Finally, we know that by Fifth Year, the Marauders were using some of Severus’s homemade spells without, apparently, knowing that they were his. Severus was a Dark wizard, both by their (subsequent) estimation and by his reaction to Lily’s outburst over Mulciber. That is, Sev had made some formal study of Dark magic, was willing to use it judiciously, and didn’t see why he shouldn’t say so. His spell Sectumsempra is apparently classifiable as a curse; I would argue that so is Levicorpus. It doesn’t, apparently, wear off by itself, and it requires a specific countercurse to lift, not just a “Finite Incantatem”. And while Harry thinks of it as a joke (like Lupin called the Map), Hermione points out that the Death Eaters used it horrifically against Muggles at the World Cup. If so, the Marauders were using Sev’s Dark magic without accrediting it as such.

And remember Whitehound’s observation that Harry spent much of his magical career relying heavily on a known Dark artifact (the third Deathly Hallow)?
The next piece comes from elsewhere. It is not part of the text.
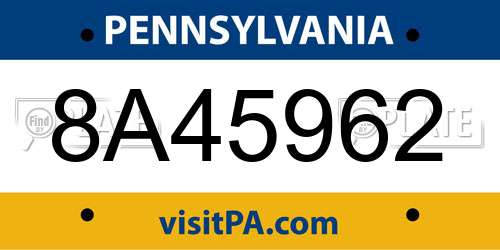8A45962 Pennsylvania License Plate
So had James.

[Note, by the way, that Harry first used the cloak to try to research Flamel-i.e. as part of a misguided but noble attempt to foil a suspected crime. But Harry immediately branched out to using it for satisfying selfish desires (looking in the Mirror), and soon for sneak attacks on others (Draco in PoA) and general spying.]

If the Marauders, who “always hated the Dark Arts,” had been using them extensively all along without recognizing them as such, they could have been slowly doing themselves severe perceptual/spiritual damage. So, to a lesser extent, might the Weasley twins.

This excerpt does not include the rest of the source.